Her favorite, she decides between exchanges and random markings on the card, is the blue crayon, and I am able to sneak the others out of sight and mind before she decides to do any furniture or wall scribbling.

But the blue crayon must stay in her hand. The index card, too.

I tell her it’s time for bed and stand up to leave the room. She rises, too, clutching the blue crayon in one hand, the index card in the other. I watch her waddle her toddler waddle to the stairs and realize that she’s taking her tools with her to bed. And up the stairs, which she’s only beginning to climb on her own. I manage to get her to leave the card with me, motioning to her that she can have the card at the top of the stairs. But the blue crayon stays in her hand for the long climb, me one step behind, as she slowly ascends, reaching out the entire time for the card that I’m waving a few inches past her reach.

Her card returned, we begin the bed time ritual.
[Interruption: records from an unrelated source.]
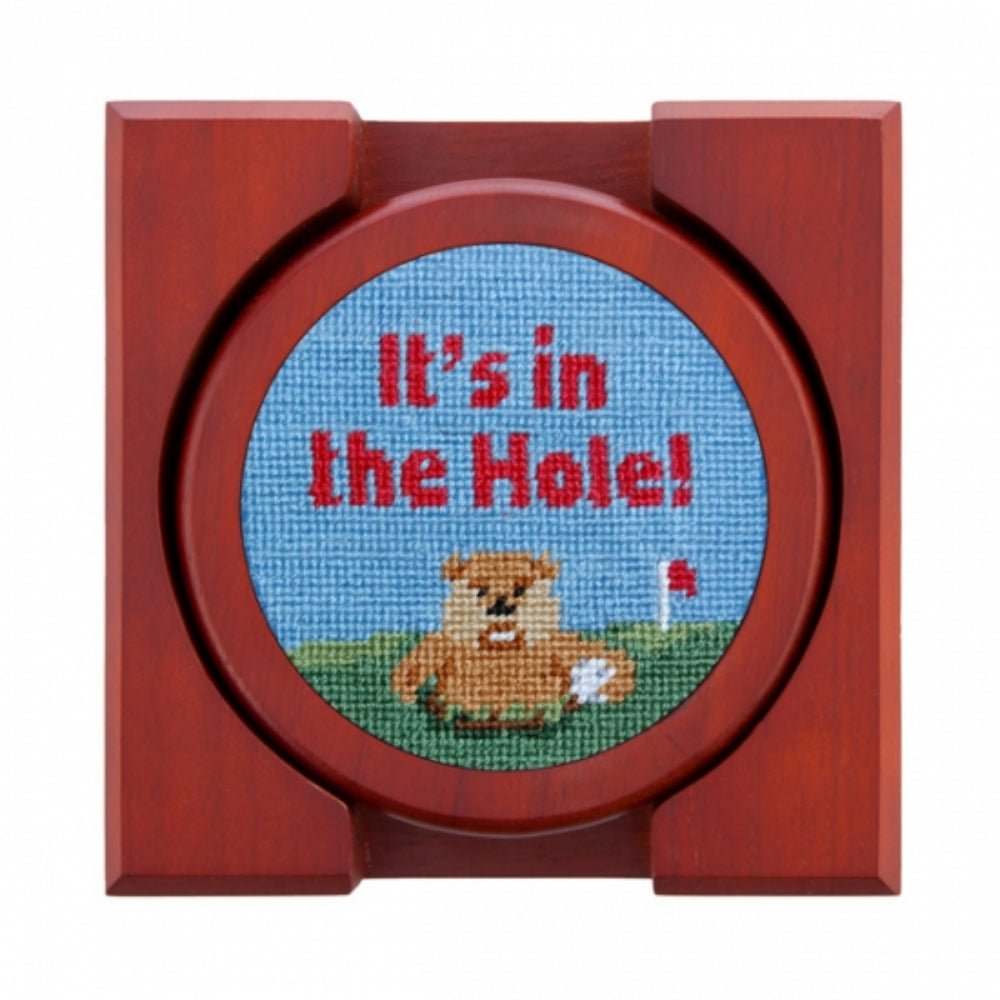 Smathers & Branson Gopher Golf Needlepoint Coaster Set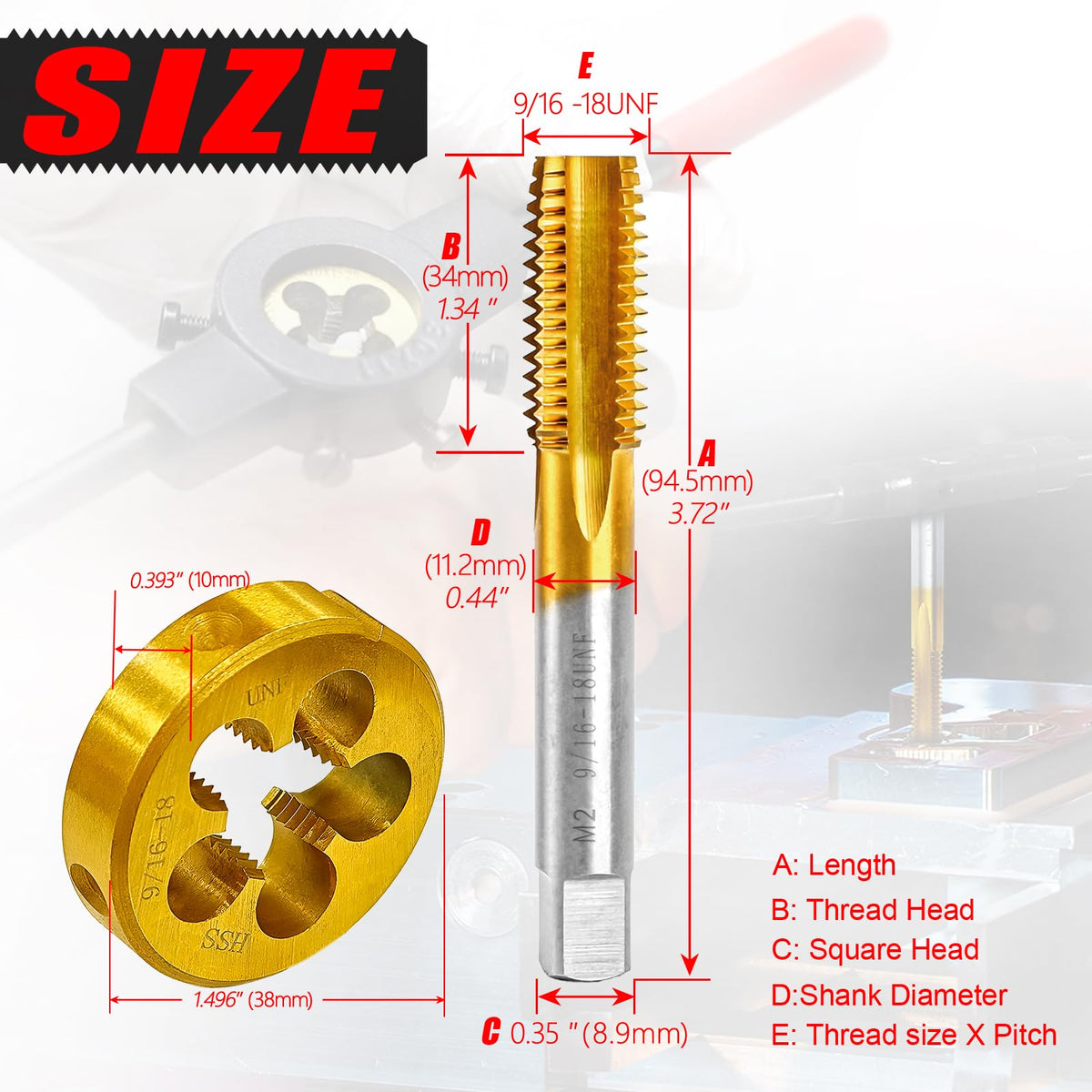 9/16-18 UNF Tap and Die Set for Metal,M2 HSS Thread Tap and Round Die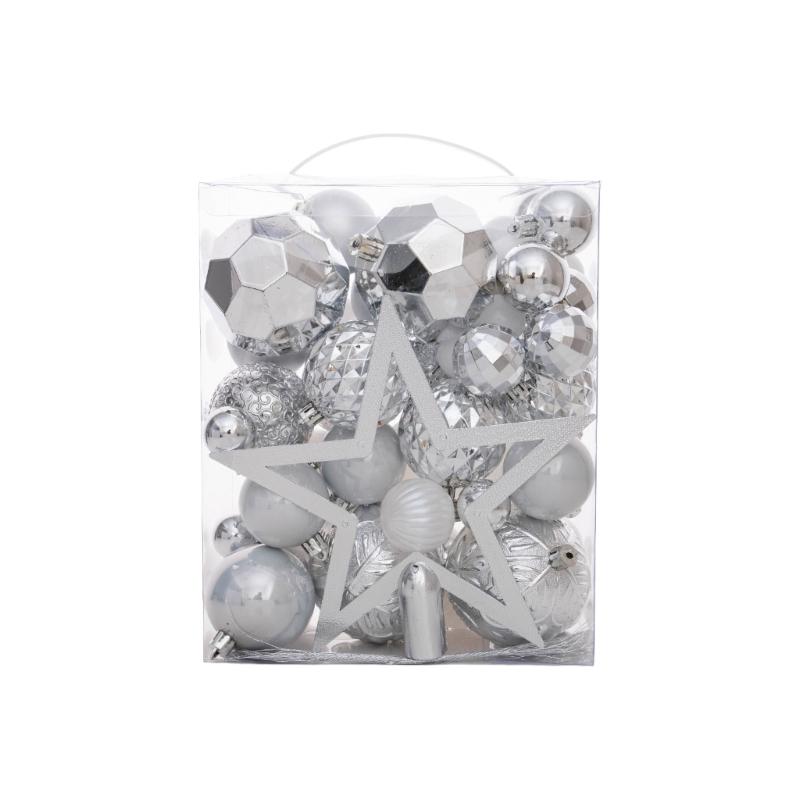 50Pcs Shatterproof Christmas Ornament Set With Plastic Tree Toppers Star For Indoor Outdoors Holiday Decorations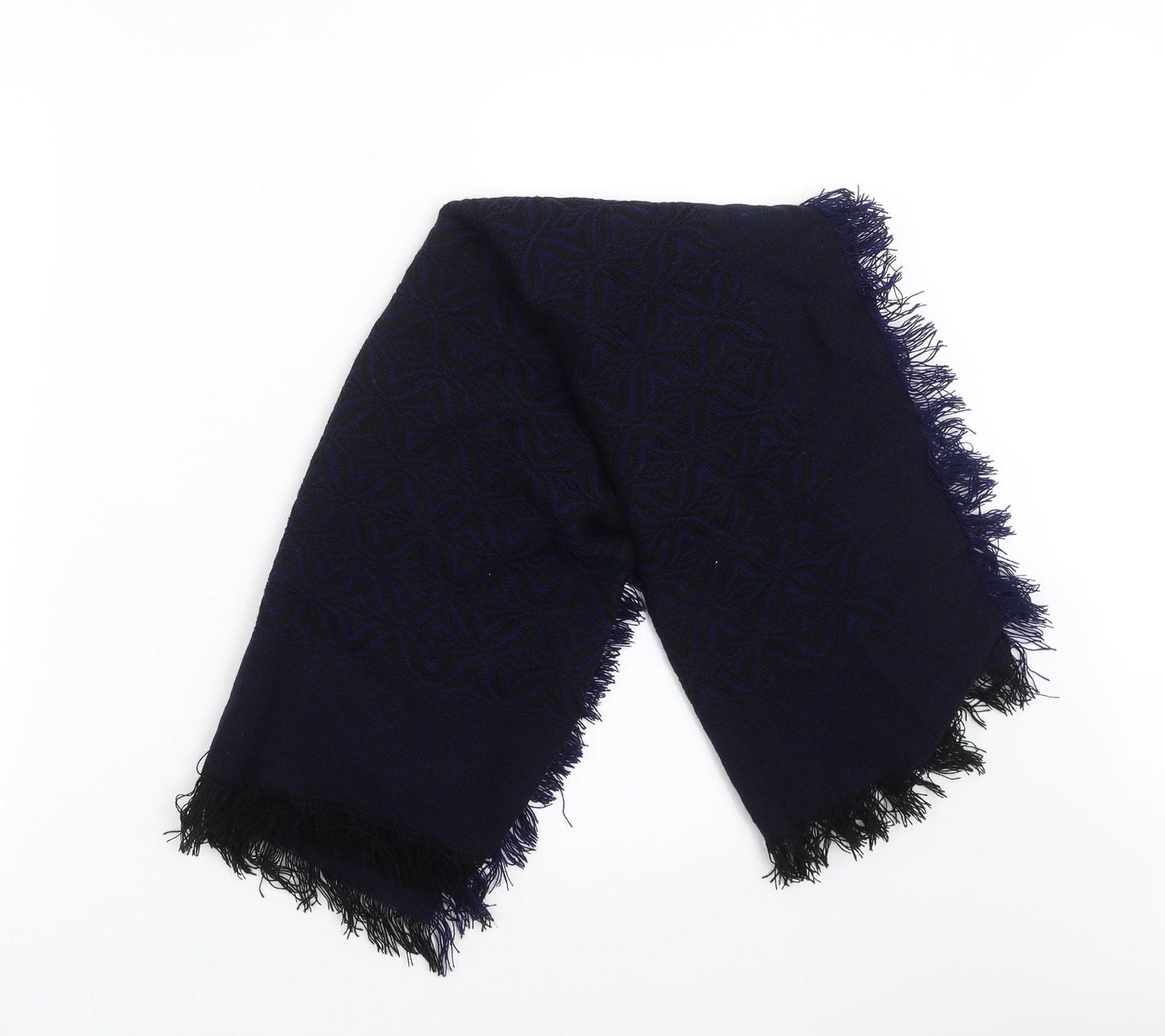 Preworn Womens Blue Geometric   Scarf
I try to take her tools away to put on her PJs – but she will have none of that, shrill cries telling me just what she thinks of my idea. Until she realizes that I cannot remove her shirt unless she puts them down. Still, she cries and cries as I remove her clothes and change a diaper, only ceasing when, fresh and clean and pajama-ed, I return her crayon and index card to her still waiting fingers.

A few minutes later, she’s ready for sleep, and I place the card and crayon on her dresser. We say night night to them before going to bed.